## EXERCISE
From the first line to the last, print the material exactly, skipping the pictures.

## DATASET SECTION
————
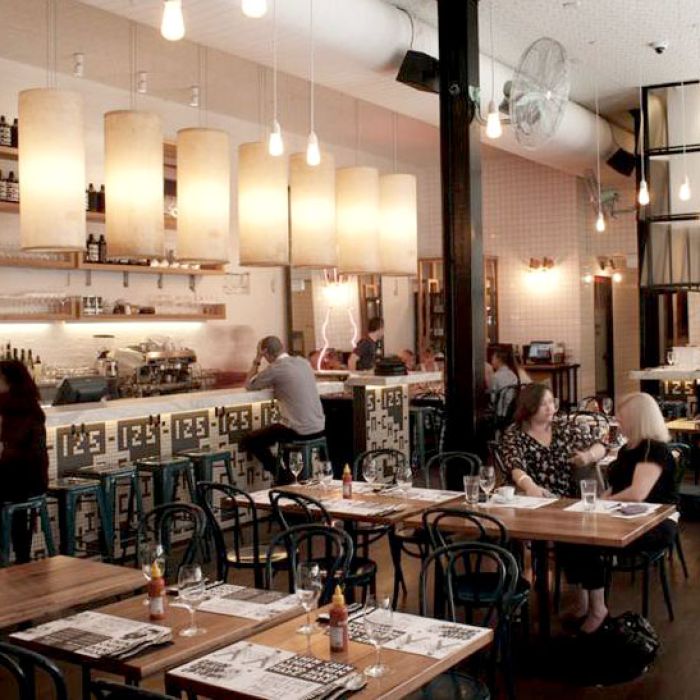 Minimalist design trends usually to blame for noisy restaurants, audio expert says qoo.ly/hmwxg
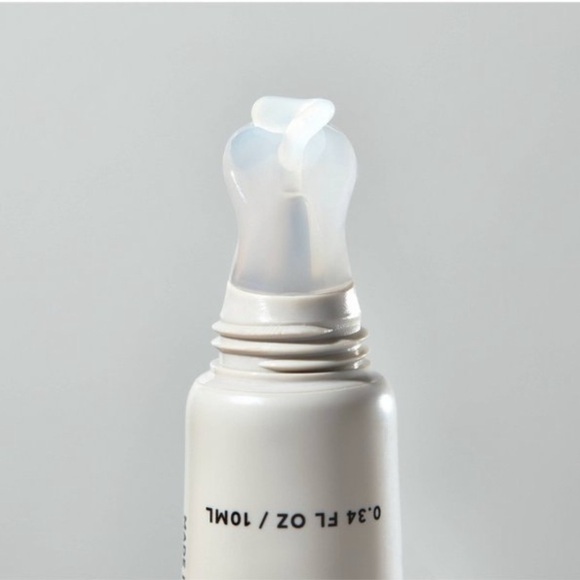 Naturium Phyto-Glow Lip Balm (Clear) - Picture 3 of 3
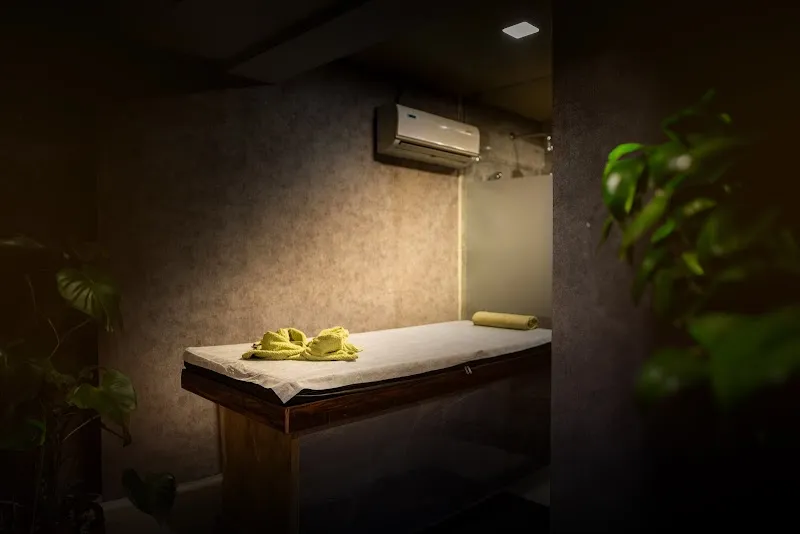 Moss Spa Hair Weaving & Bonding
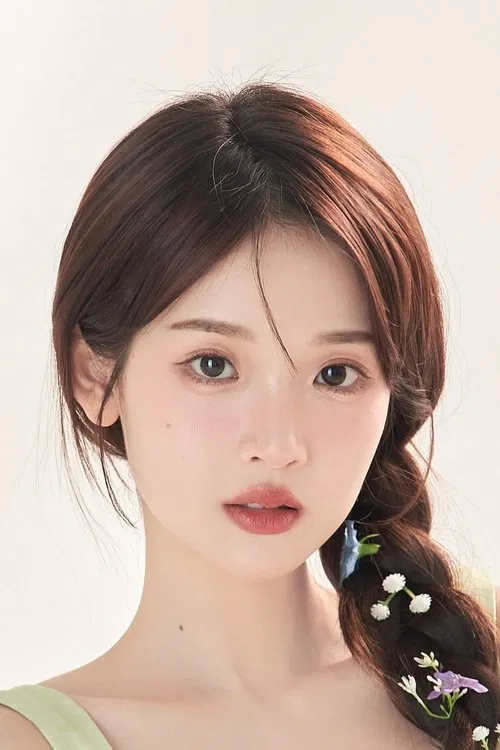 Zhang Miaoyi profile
————
## TASK OUTPUT
 Minimalist design trends usually to blame for noisy restaurants, audio expert says qoo.ly/hmwxg
 Naturium Phyto-Glow Lip Balm (Clear) - Picture 3 of 3
 Moss Spa Hair Weaving & Bonding
 Zhang Miaoyi profile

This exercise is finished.